After decades of driving prison expansion by espousing tough-on-crime sentencing laws, advocating for policies to lock up criminals and throw away the key, and exploiting the public’s fear of crime, conservative lawmakers have finally discovered criminal justice reform. Like European explorers being met on the beach by throngs of Native Americans, they are now trying to claim ownership of their newfound “discovery” despite a long history of reform efforts by progressives, non-profit organizations and faith-based groups.

In 1992, then-U.S. Rep. Newt Gingrich, a Republican from Georgia, told The New York Times that more prisons should be built so every violent criminal in America could be locked up for their entire sentence with no time off for good behavior. His 1994 “Contract with America” included the Taking Back Our Streets Act, which funded prison construction and rewarded states that reduced parole rates with additional funding. During the next 20 years the prison population in the U.S. more than doubled; the estimated $82.7 billion spent on incarceration in 2009 was an increase of 230% over 1990.

In a 2011 Washington Post op-ed, Gingrich reversed course. “There is an urgent need to address the astronomical growth in the prison population, with its huge costs in dollars and lost human potential,” he wrote. “We can no longer afford business as usual with prisons.
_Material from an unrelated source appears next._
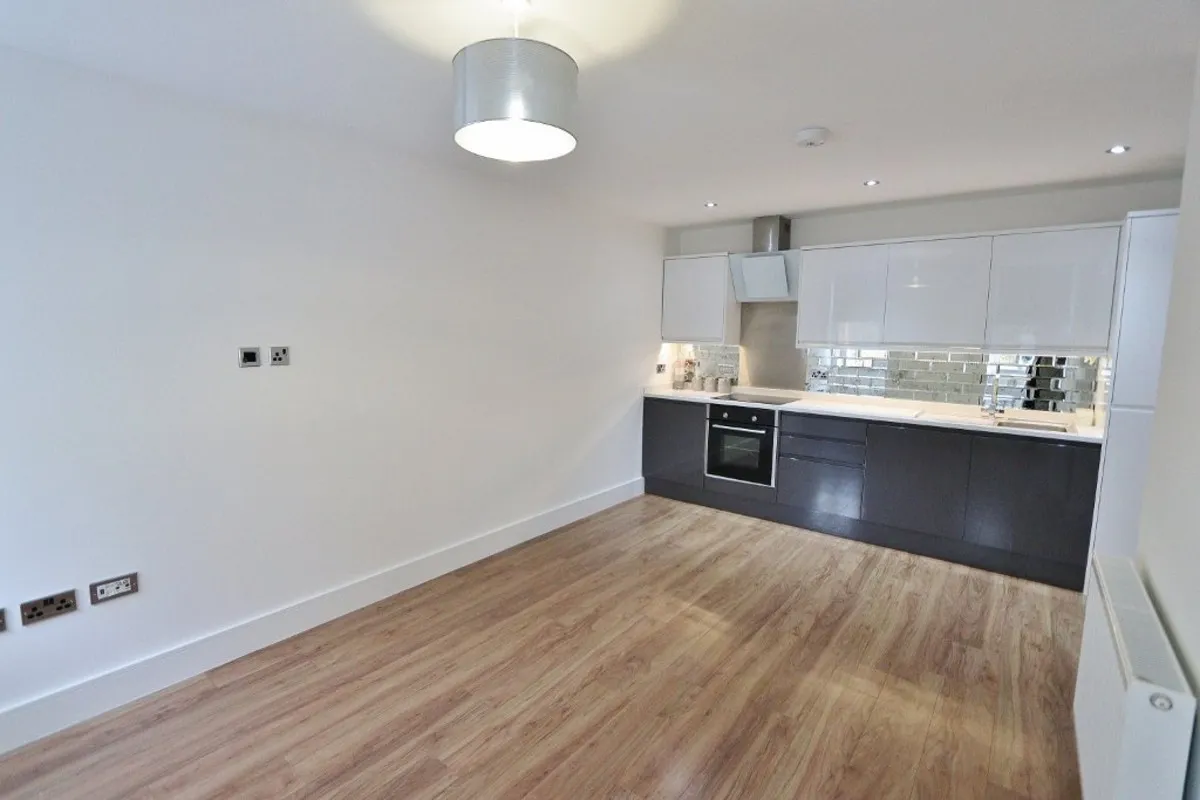 Mercury Gardens, Romford, Romford, RM1 3FB, photo 2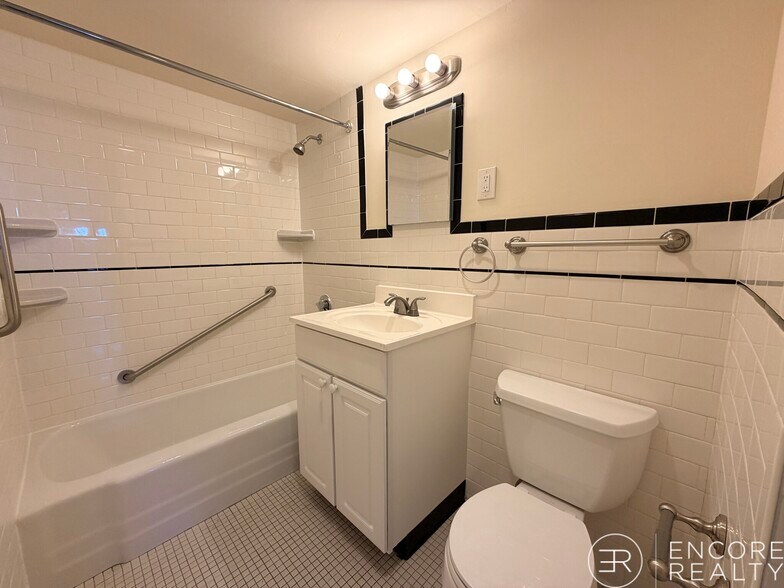 Building Photo - 16 Monmouth Ct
The criminal justice system is broken, and conservatives must lead the way in fixing it.”

Republican Tennessee state Senator Brian Kelsey, appointed to serve on the state’s Task Force on Sentencing and Recidivism in 2014, remarked, “We have decided we’ve got to do a better job on focusing our limited resources on the most violent offenders,” noting that 40% of Tennessee prisoners were serving time for technical parole or probation violations.

On May 21, 2014, dozens of conservatives met in the Ronald Reagan Building in Washington, D.C. to claim leadership of the criminal justice reform movement. Gingrich, who was present, called the session a “turning point” and admitted that the drive for more prisons and longer sentences in the 1980s and 1990s had the “unexpected consequences” of locking up too many people for nonviolent crimes. Other conservatives at the meeting, including former U.S. Attorney General Edwin Meese, former Ohio Secretary of State Ken Blackwell, U.S. Senator John Cornyn and well-known conservative activists Grover Norquist, David Keene, Richard Viguerie and Pat Nolan, seemed to agree.
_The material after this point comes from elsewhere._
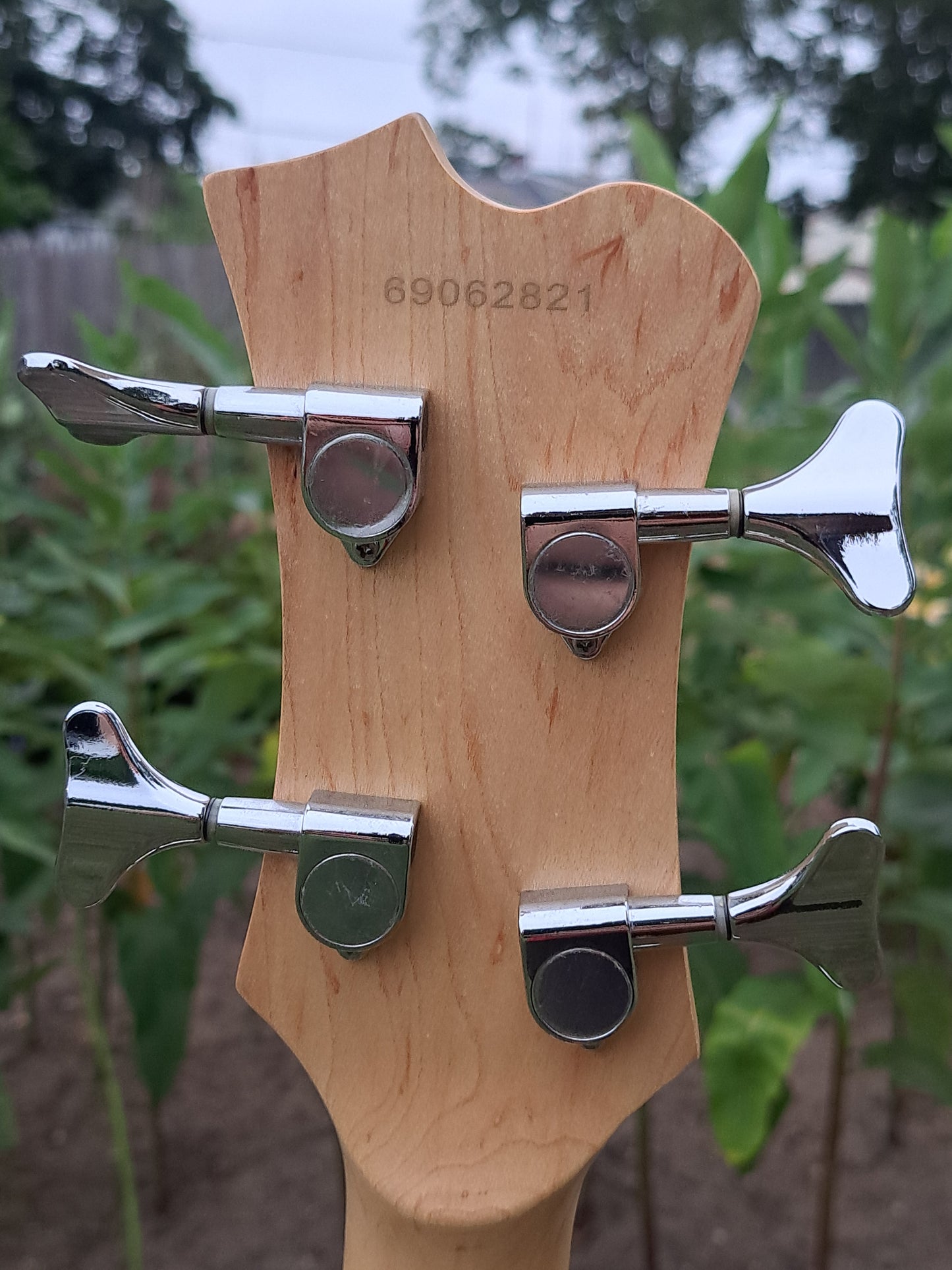 🎸 ARIA DIAMOND ELECTRIC BASS – JAZZ PICKUPS, MOSRITE VIBES, WHITE ICE DRIP 🎸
Mississippi Lt. Governor Tate Reeves and other state leaders described how their criminal justice reforms, modeled after efforts in Texas and signed by Republican Mississippi Governor Phil Bryant in March 2014, will save the state at least $266 million over the next decade.

Texas attorney Marc Levine led the turnaround in conservative thought after a board member of the free market-oriented Texas Public Policy Forum told him in 2005 that Texas state prisons were a poor investment of taxpayer dollars.
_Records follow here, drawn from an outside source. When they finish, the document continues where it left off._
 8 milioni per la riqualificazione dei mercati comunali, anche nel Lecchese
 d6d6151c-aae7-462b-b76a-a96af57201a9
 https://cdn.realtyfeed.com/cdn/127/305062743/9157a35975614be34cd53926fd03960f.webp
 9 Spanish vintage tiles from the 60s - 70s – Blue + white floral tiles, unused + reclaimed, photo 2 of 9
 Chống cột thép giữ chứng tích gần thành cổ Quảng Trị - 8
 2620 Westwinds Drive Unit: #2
“We’re not getting a good return for our money out of our prisons,” he decided. “Once you reach a certain rate of incarceration, you start to have diminishing returns because you aren’t just putting dangerous people in prisons anymore. You are putting in nonviolent offenders. You are not really impacting crime. You are not making people safer.”

Levine became an advocate for criminal justice reform and, when the Texas legislature was considering a 17,000-bed, $2 billion expansion of the state’s prison system, proposed an alternative for one-eighth the cost. His proposal, signed into law by Texas Governor Rick Perry, included drug courts and rehabilitative programs for defendants with substance abuse and mental health problems. It also set up alternative, short-term facilities where parole violators could be sent instead of returning them to prison. In 2009, Texas’ incarceration rate dropped by 12%; since that time the state’s prison population has decreased 20% following implementation of criminal justice reforms.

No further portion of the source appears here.